In a world in which every third research finding gets described as "surprising" – how else are academics supposed to get invited to global conferences? – it's hard to convey the feeling of being genuinely surprised by (of all things) a paper on economics and language. But I'll try: I'll go so far as to say I was startled to read a study by the Yale economist Keith Chen, suggesting that which language we speak determines how likely we are to engage in various bad habits, from failing to save for retirement to smoking and overeating. Chen claims the reason the Greeks and the Brits, for example, rack up more debt and smoke more than the Germans and speakers of Mandarin Chinese is the fact that they speak Greek or English. Like I say: startling.
Languages can be divided into those that use grammar to make a strong distinction between the present and the future (linguists say these have strong "future time reference" or FTR) and those that blur the two (weak FTR). Where you'd say, "I'm going to buy a house" in English, which is a strong FTR language, you'd say, "I buy house" in Mandarin, with the timing implied by the context. Chen's number-crunching revealed extraordinary correlations. Weak-FTR speakers are 24% less likely to smoke and 29% more likely to exercise; strong-FTR speakers saved far less money. Chen's argument is that the more you think of the future as a radically different thing, the easier it is not to worry about how too many cigarettes – or too little money – might cause problems in that future. It's not your fault you're a wreck. It's your grammar's.
Predictably but understandably, Chen's findings were also correlated with smoke emerging from the ears of many linguists. The idea that language shapes our thoughts – the "Whorfian hypothesis" – is hugely controversial. Instead of grammar influencing behaviour, mightn't cultural factors determine both grammar and behaviour? Chen did control for religion, class, education and many others. But brain-jolting hypotheses can be useful thinking tools, whether or not they're correct. And Chen's draws attention to our tendency (or rather mine – who knows if every German concurs?) to think of our present and future selves as different people.
I'm struck by how my sense of my "present self" extends, quite specifically, for about eight years. Me at 43 is just me at 36 with an even dickier knee; but 50-year-old me is some other chap entirely. (In my mind's eye, weirdly, he's actually less bald.) Then again, I think of next-week-me as different from present-me, too. Many self-help tricks – such as stating your future goals in the present tense – are based on manipulating the relationship between these selves. But would we need tricks if we could truly come to feel that all these "me"s were one?

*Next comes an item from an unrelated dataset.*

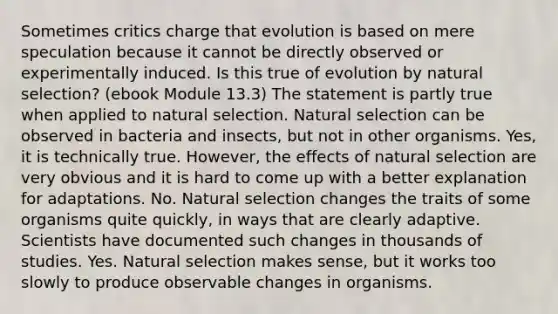 Sometimes critics charge that evolution is based on mere speculation because it cannot be directly observed or experimentally induced. Is this true of evolution by natural selection? (ebook Module 13.3) The statement is partly true when applied to natural selection. Natural selection can be observed in bacteria and insects, but not in other organisms. Yes, it is technically true. However, the effects of natural selection are very obvious and it is hard to come up with a better explanation for adaptations. No. Natural selection changes the traits of some organisms quite quickly, in ways that are clearly adaptive. Scientists have documented such changes in thousands of studies. Yes. Natural selection makes sense, but it works too slowly to produce observable changes in organisms.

In his book Staring At The Sun, the psychotherapist Irving Yalom suggests that this is exactly what we need to do to reconcile ourselves to the big one: death. One of his clients told him that the revelation "came from realising it would be me who will die, not some other entity, like Old-Lady-Me". Once we grasp that everything that'll ever happen to us, including death, will happen to the same person, Yalom argues, we'll make wiser choices, but also live far more intensely. Whatever grammar's role, that's surely not a goal to be left exclusively to the Germans and Chinese.